Wednesday 24th July, 2013
2:45pm to 3:45pm
Roberts Hall North 15
Nathalia Bauer, Coordinator of Information and Publications, College of Graduate Studies, University of Central Florida
Debra Winter, Director, Graduate Financial Assistance and Publications, College of Graduate Studies
University of Central Florida
Nearly two decades after their emergence, ETDs are now widely embraced. However, despite their forward-sounding moniker, many ETDs still mimic their paper counterparts in function and appearance. This begs the question, what changes are leading to the next revolution in theses and dissertations?
Pressures to increase student publication, improve retention rates, shorten time to degree completion, and the desire to produce more relevant theses and dissertations, are all influences shaping the future of ETDs. Some programs and faculty members are also guiding students to create theses and dissertations more relatable to non-academic careers.
ETDs have been mandatory at the University of Central Florida (UCF) since 2004 and while publication has always been a desired academic goal, many graduate programs at UCF are now seeking ways to integrate publication as part of the thesis/dissertation process, and in some cases requiring it as a matter of policy. One UCF program is also requiring students to conduct dissertation research in conjunction with a “real world” scenario to be more applicable to their careers. Other examples of nontraditional ETDs include graphics-based and entirely digital formats.

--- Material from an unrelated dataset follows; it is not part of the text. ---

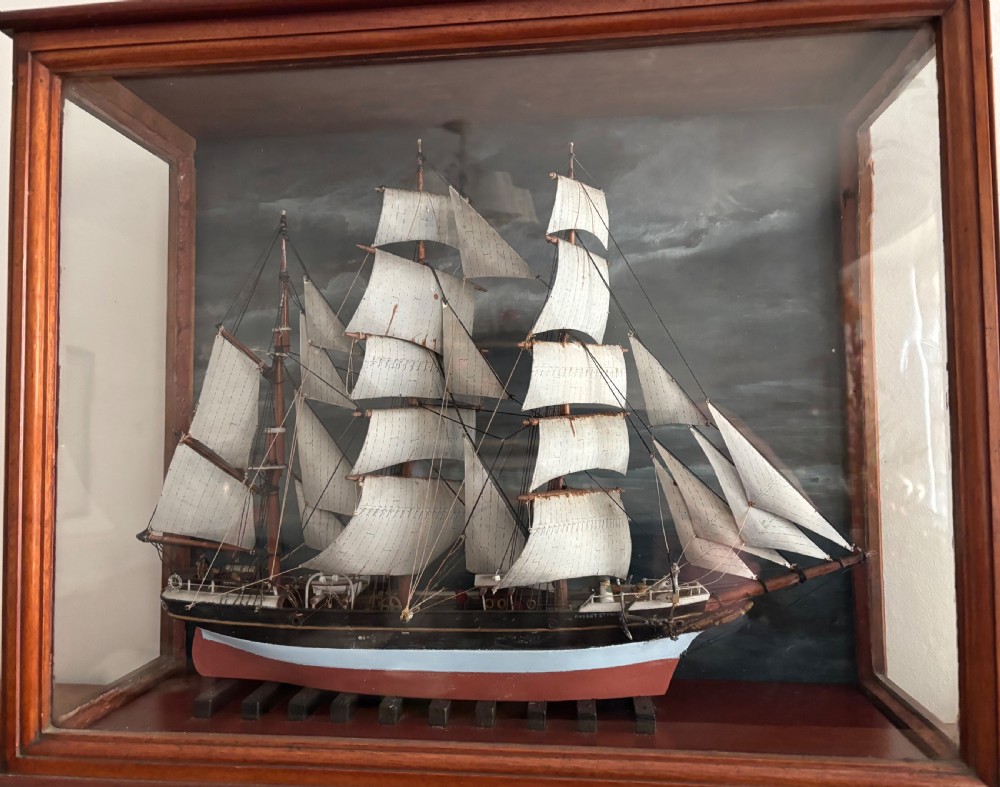 A detailed late Edwardian cased scale model of a three-masted barque sailing ship with full rigging, sails, and a painted hull. View III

Academic institutions must begin to consider how to react to the changing needs nontraditional ETDs present. This presentation will provide an overview of the influences leading to an increase in nontraditional ETDs, the results of research conducted on nontraditional ETDs at UCF, and the possible implications and issues nontraditional ETDs pose. This session is intended for those who advise students on the preparation of ETDs for submission.